Compass Direct News reports that nearly 50 Muslims in northern Algeria blocked Christians from holding a Christmas service on Saturday (Dec. 26) to protest a new church building. Tafat Church is located in Tizi-Ouzou, a city 100 kilometers (62 miles) east of the Algerian capital, Algiers. The local residents were reportedly irritated at finding that a church building with many visitors from outside the area had opened near their houses. A local paper highlighted that the residents feared their youth would be lured into the church with promises of money or cell phones. "This land is the land of Islam! Go pray somewhere else," some of the protestors said. Protestors also reportedly threatened to kill the church pastor, Mustafa Krireche. One of Algeria's Christian leaders, Youssef Ourahmane, said he could not recall another display of such outrage from Algerians against Christians.

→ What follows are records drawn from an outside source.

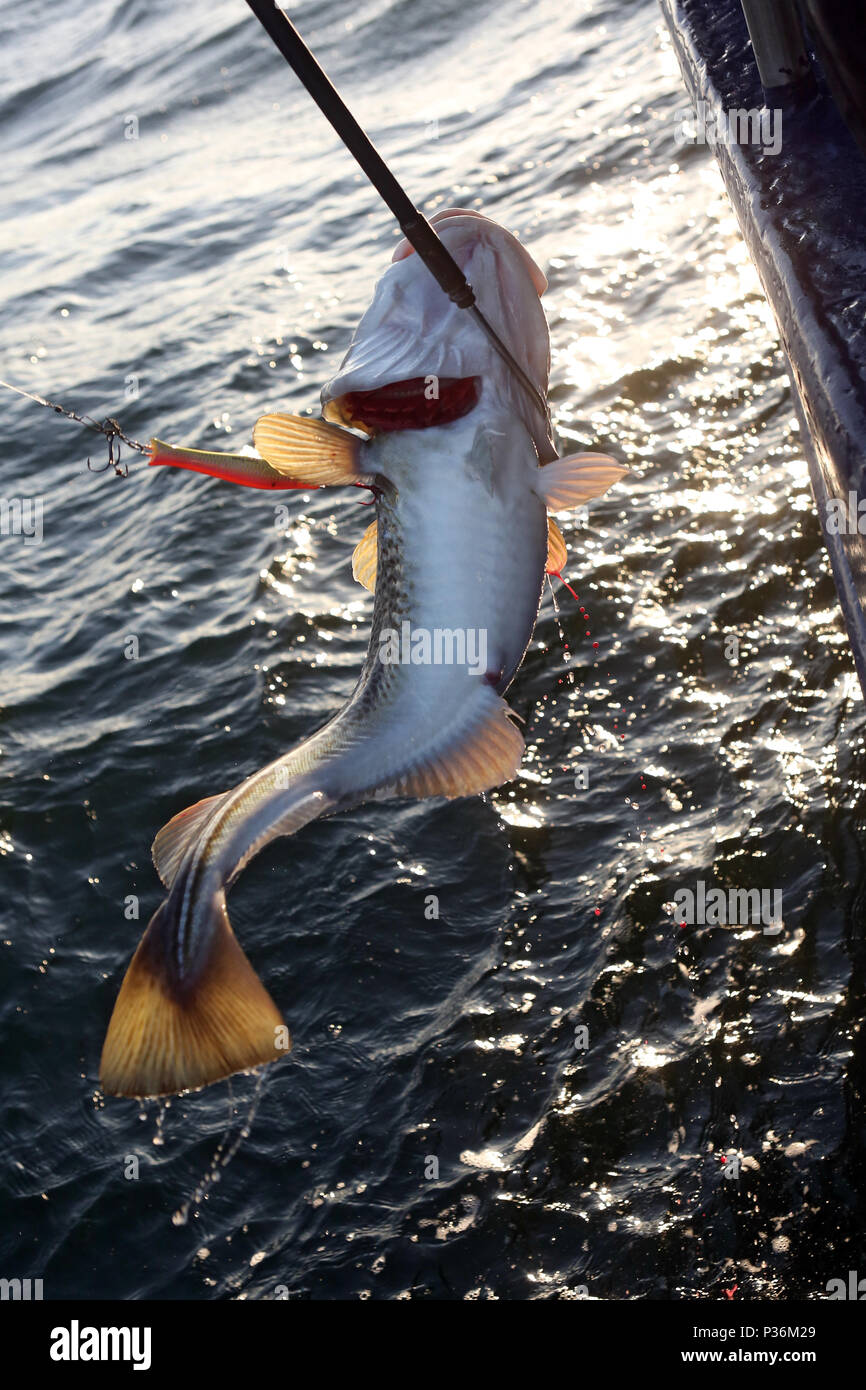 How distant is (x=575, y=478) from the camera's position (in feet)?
9.37

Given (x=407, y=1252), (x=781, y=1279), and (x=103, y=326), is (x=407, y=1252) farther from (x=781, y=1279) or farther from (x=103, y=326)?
(x=103, y=326)

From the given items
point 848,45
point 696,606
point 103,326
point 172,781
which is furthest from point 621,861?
point 103,326

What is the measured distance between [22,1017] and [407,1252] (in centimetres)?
240

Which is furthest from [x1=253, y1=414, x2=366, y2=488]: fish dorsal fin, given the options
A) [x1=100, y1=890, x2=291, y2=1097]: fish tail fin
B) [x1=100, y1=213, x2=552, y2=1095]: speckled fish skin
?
[x1=100, y1=890, x2=291, y2=1097]: fish tail fin

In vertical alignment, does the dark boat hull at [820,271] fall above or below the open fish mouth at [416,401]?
above

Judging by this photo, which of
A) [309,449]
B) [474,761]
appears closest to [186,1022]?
[474,761]

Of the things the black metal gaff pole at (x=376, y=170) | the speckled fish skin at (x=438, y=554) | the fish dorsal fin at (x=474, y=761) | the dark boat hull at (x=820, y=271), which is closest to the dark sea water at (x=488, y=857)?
the dark boat hull at (x=820, y=271)

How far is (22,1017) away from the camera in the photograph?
5727mm

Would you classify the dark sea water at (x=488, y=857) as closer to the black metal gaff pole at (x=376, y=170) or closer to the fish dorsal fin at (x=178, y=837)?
the fish dorsal fin at (x=178, y=837)

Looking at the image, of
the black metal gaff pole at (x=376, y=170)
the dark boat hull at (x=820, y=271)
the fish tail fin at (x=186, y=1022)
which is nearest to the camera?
the fish tail fin at (x=186, y=1022)

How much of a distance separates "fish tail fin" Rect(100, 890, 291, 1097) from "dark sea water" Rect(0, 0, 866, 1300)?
8.10 feet

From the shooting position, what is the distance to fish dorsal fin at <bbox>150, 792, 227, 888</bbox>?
103 inches

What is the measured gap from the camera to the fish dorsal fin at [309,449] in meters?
2.79

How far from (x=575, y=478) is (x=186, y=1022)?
1574 millimetres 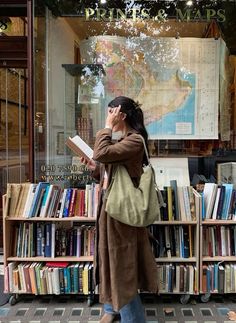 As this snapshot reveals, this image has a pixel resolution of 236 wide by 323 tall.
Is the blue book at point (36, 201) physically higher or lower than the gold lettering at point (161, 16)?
lower

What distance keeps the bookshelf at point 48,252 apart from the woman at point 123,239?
2.13 feet

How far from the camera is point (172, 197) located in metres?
3.22

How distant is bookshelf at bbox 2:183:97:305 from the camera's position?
3.21 m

Pakistani PM Promises Property Rights to Christians

ASSIST News Service reports that Pakistan's Prime Minister, Syed Yousaf Raza Gilani, is finally delivering on some long-standing promises to minorities in Pakistan. At an "Interfaith Christmas Celebrations" ceremony on Dec. 18, Gilani vowed to give land property rights to Christian slum dwellers of Islamabad. According to one source, "The announcement sent a wave of joy among slum dwellers and infused them with hope of becoming owners of houses they have been living in for several years." Gilani also announced construction of non-Muslim prayer rooms in Pakistani prisons; a shortened sentence for minor crimes committed during religious festivals, extending a law that already exists for Muslims; and the official classification of "Masihi," Christians' preferred term for themselves, instead of "Essahi" in the future.

Tucsonans Hold Prayer Vigil for Activist Detained in N. Korea

KOLD News reports that a Tucson, Az., church held a vigil Wednesday evening for a member of their congregation believed to be detained in North Korea. Colleagues of Robert Park say the activist crossed the border into North Korea and was arrest on Christmas Day. Park was reportedly carrying a letter for North Korean leader Kim Jong Il. "Robert is a rare individual," said Pastor John Benson of Life in Christ Community Church, who ordained Park as a missionary in 2007. "We're really praying that somehow Robert will get an audience with Kim Jong Il. I know that sounds pretty radical and kind of crazy, but it wouldn't be the first time I've seen Robert attempt something impossible, and it ends up happening." The church will hold another prayer Vigil for Park tomorrow afternoon.